» Problem
The result should be the full listing copied exactly, with no pictures in it.
● ● ●
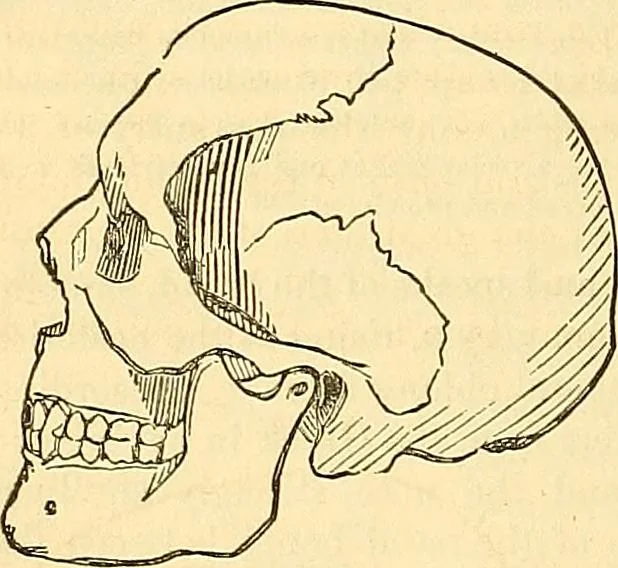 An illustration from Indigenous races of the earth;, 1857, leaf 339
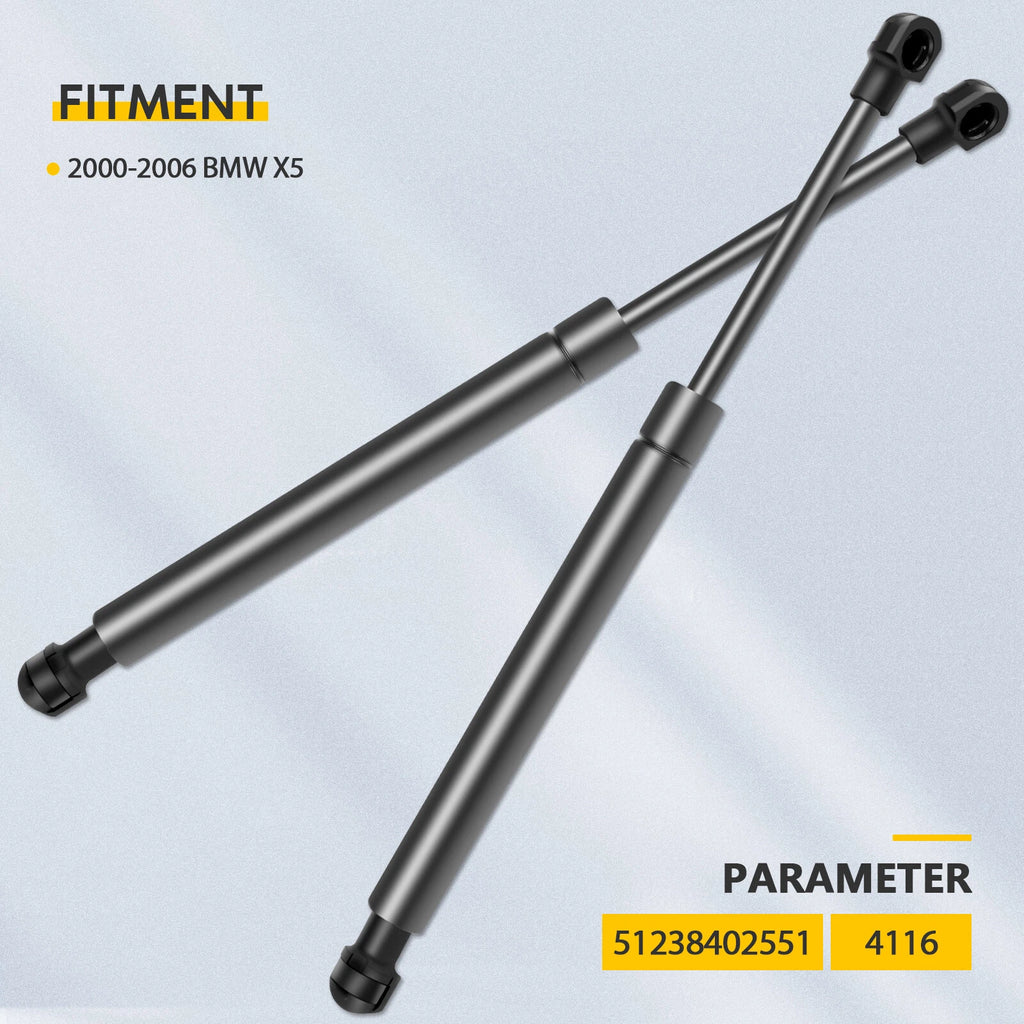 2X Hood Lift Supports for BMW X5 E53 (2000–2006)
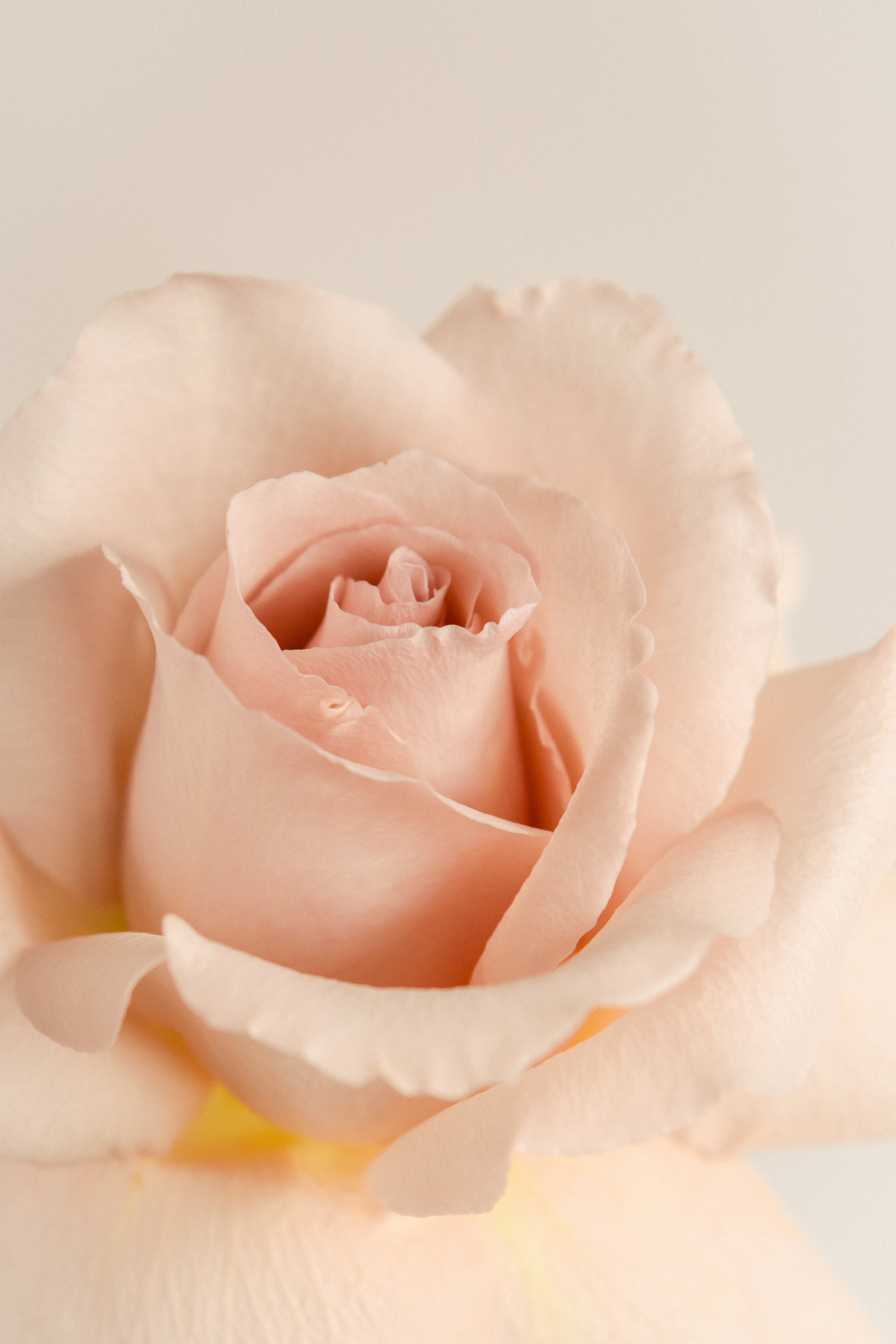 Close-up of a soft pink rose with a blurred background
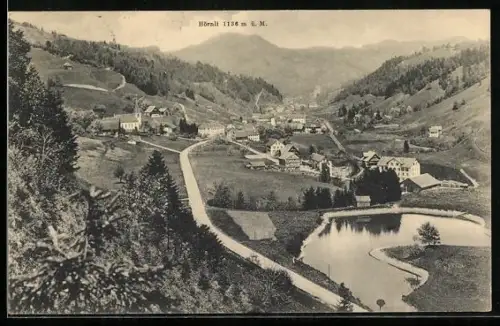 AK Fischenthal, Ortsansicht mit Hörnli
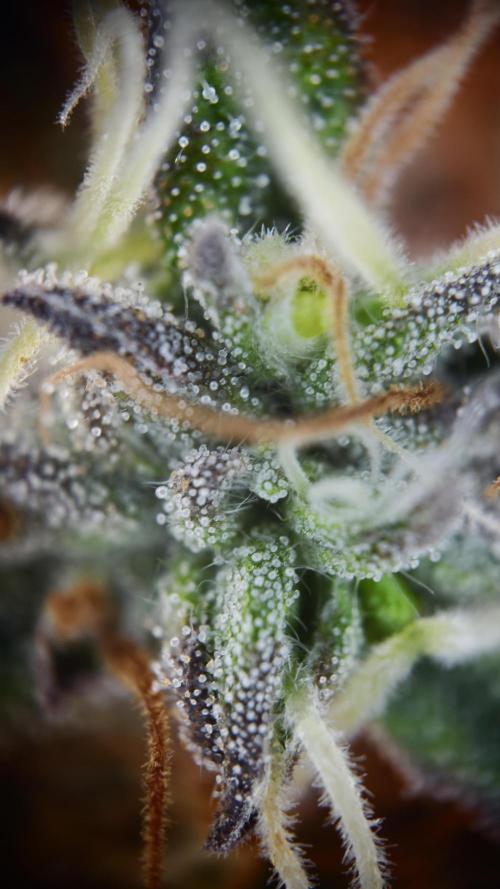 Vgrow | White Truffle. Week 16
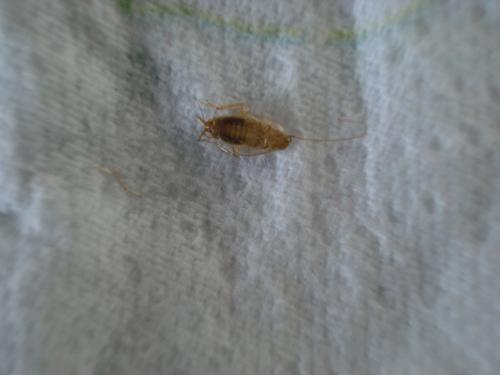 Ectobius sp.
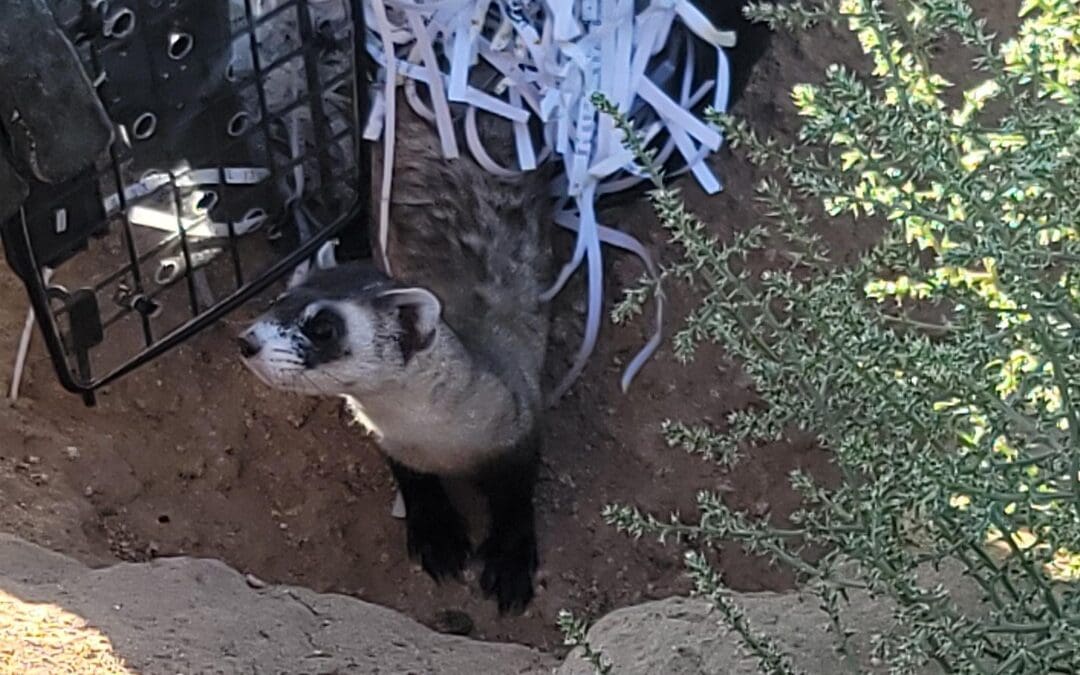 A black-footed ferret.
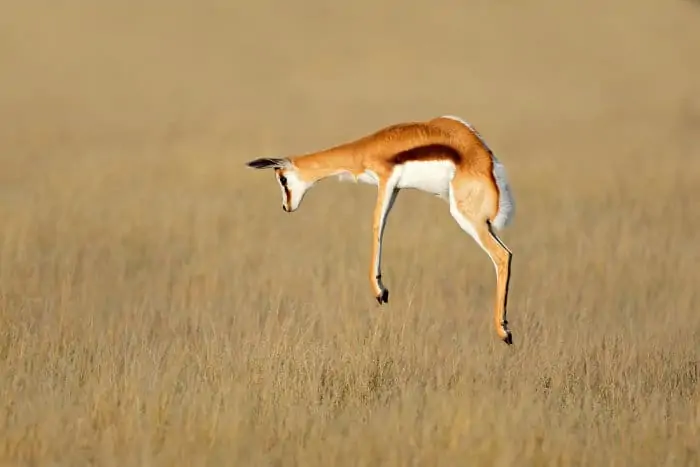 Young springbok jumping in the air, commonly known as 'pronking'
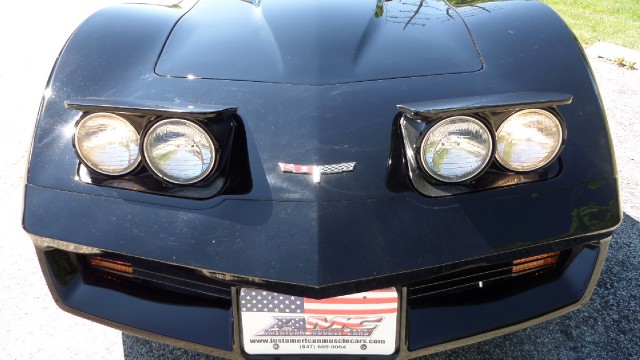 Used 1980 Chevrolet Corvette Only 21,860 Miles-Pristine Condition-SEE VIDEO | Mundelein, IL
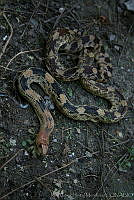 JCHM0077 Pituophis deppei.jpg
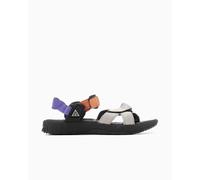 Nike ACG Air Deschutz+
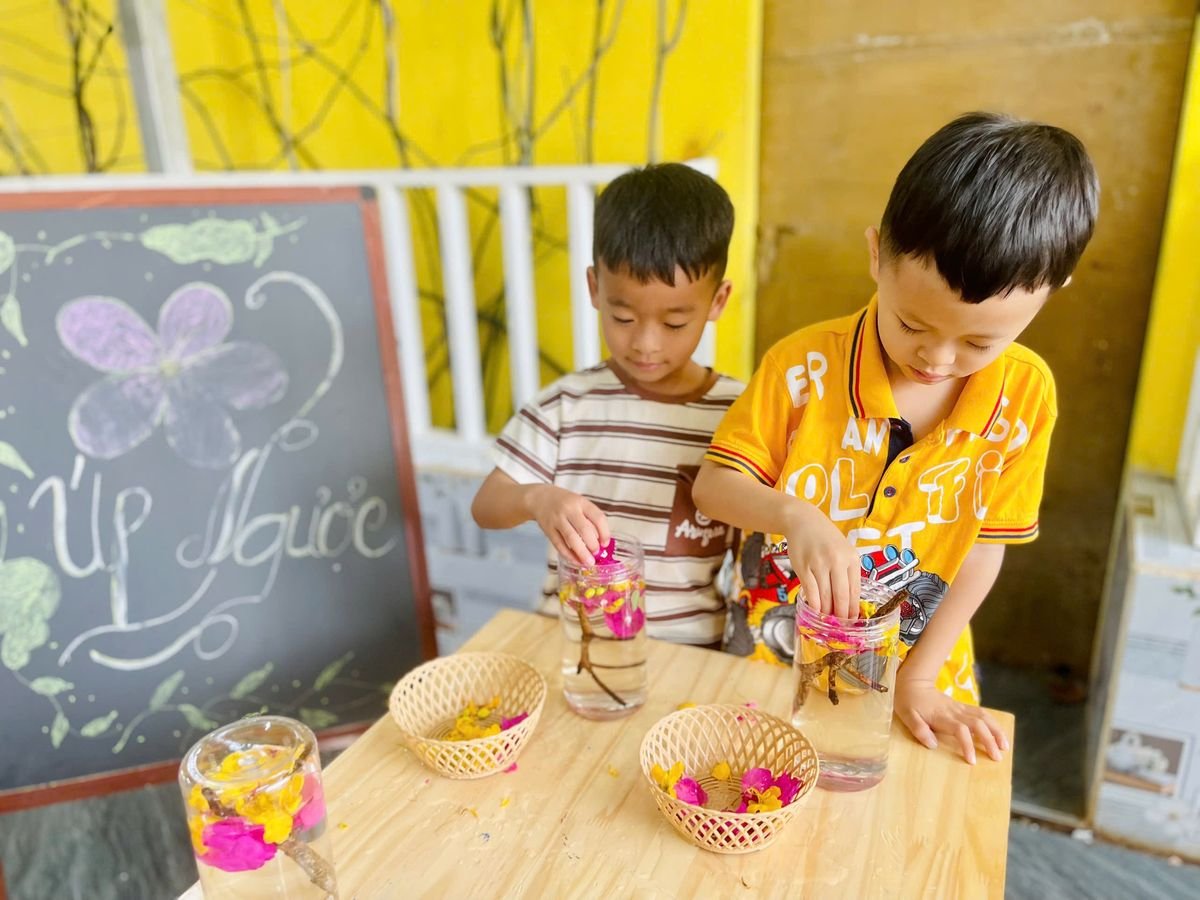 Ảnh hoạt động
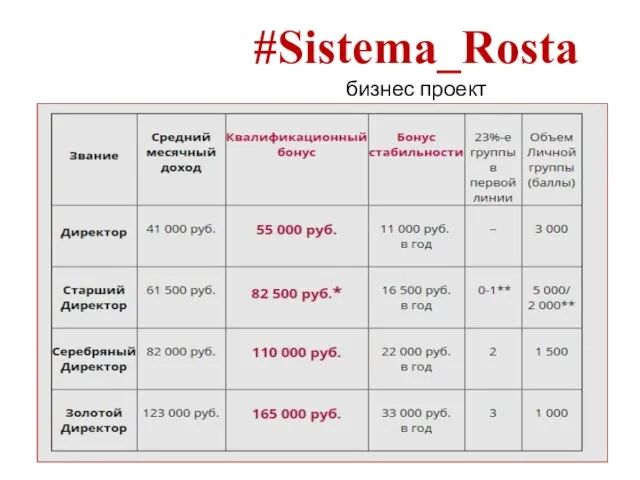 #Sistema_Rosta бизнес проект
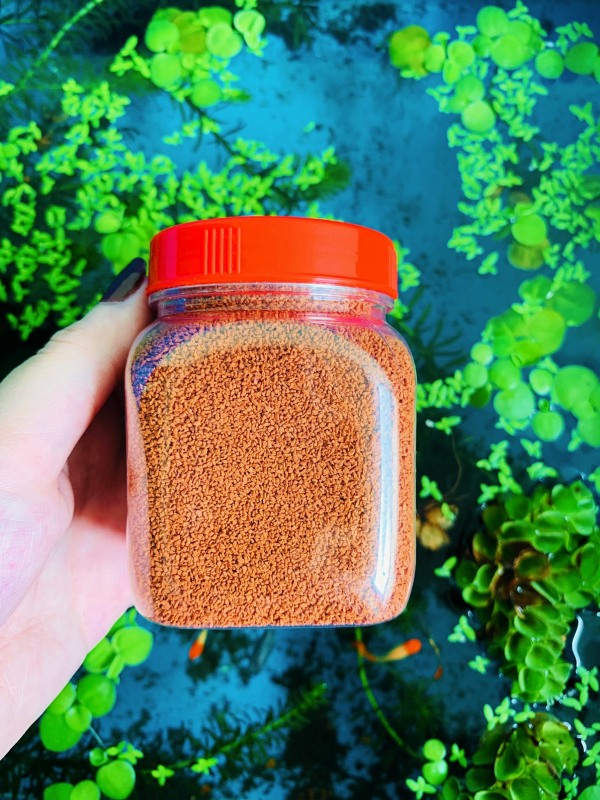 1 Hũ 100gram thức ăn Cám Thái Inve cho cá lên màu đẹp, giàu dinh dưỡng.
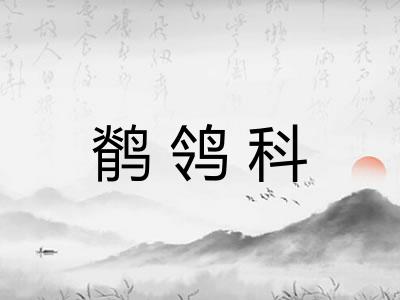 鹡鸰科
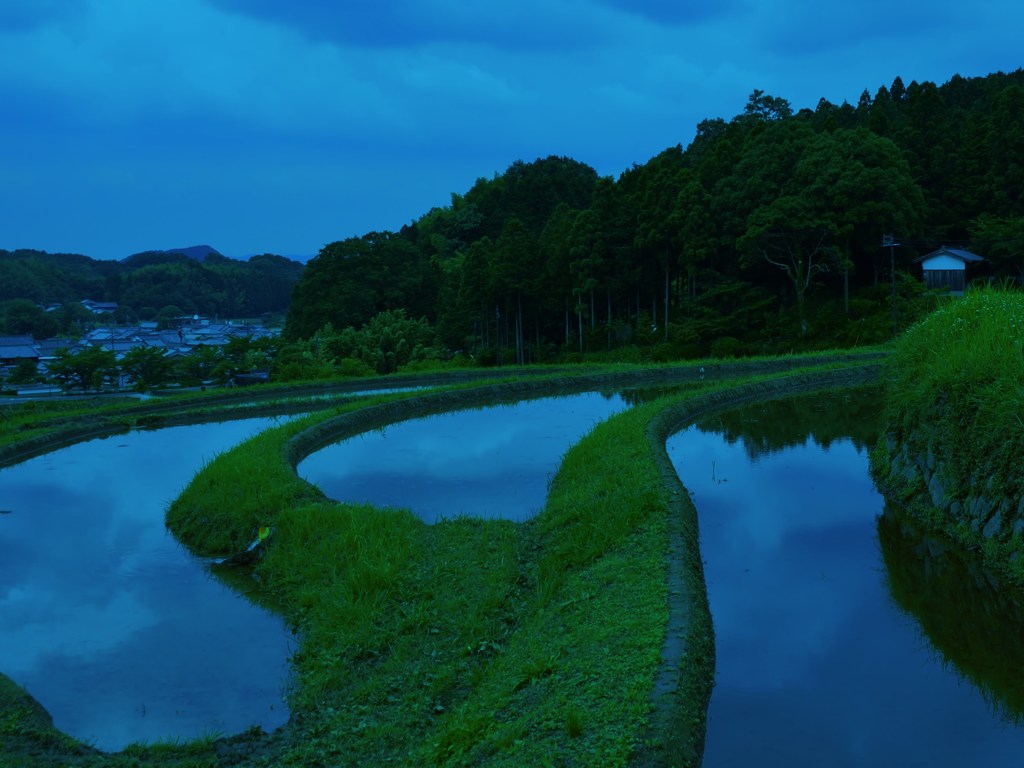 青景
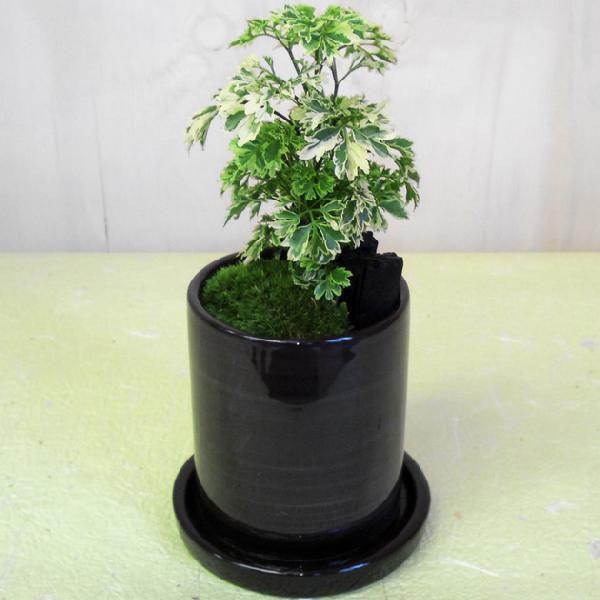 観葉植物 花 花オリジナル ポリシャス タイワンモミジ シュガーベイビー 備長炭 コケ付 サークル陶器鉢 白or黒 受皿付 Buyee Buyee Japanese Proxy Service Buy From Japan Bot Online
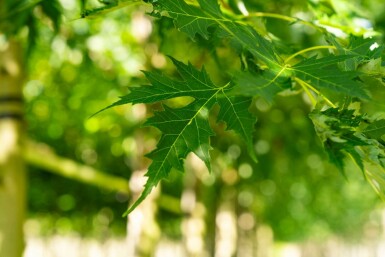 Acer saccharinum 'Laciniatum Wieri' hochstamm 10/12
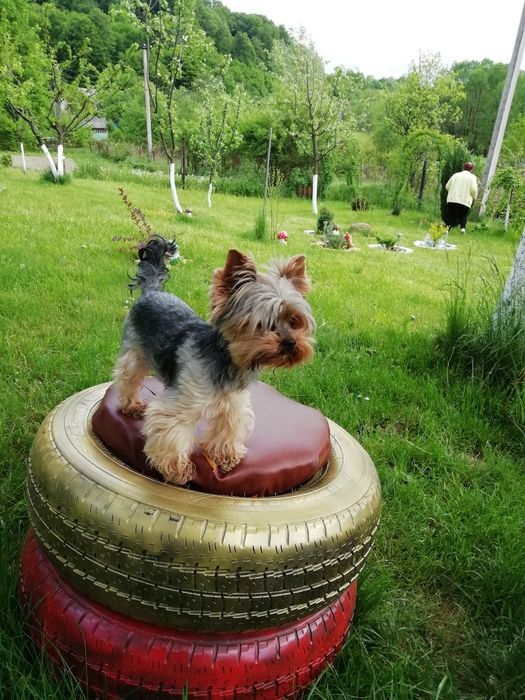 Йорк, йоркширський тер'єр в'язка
● ● ●
» Exercise solution
 An illustration from Indigenous races of the earth;, 1857, leaf 339
 2X Hood Lift Supports for BMW X5 E53 (2000–2006)
 Close-up of a soft pink rose with a blurred background
 AK Fischenthal, Ortsansicht mit Hörnli
 Vgrow | White Truffle. Week 16
 Ectobius sp.
 A black-footed ferret.
 Young springbok jumping in the air, commonly known as 'pronking'
 Used 1980 Chevrolet Corvette Only 21,860 Miles-Pristine Condition-SEE VIDEO | Mundelein, IL
 JCHM0077 Pituophis deppei.jpg
 Nike ACG Air Deschutz+
 Ảnh hoạt động
 #Sistema_Rosta бизнес проект
 1 Hũ 100gram thức ăn Cám Thái Inve cho cá lên màu đẹp, giàu dinh dưỡng.
 鹡鸰科
 青景
 観葉植物 花 花オリジナル ポリシャス タイワンモミジ シュガーベイビー 備長炭 コケ付 サークル陶器鉢 白or黒 受皿付 Buyee Buyee Japanese Proxy Service Buy From Japan Bot Online
 Acer saccharinum 'Laciniatum Wieri' hochstamm 10/12
 Йорк, йоркширський тер'єр в'язка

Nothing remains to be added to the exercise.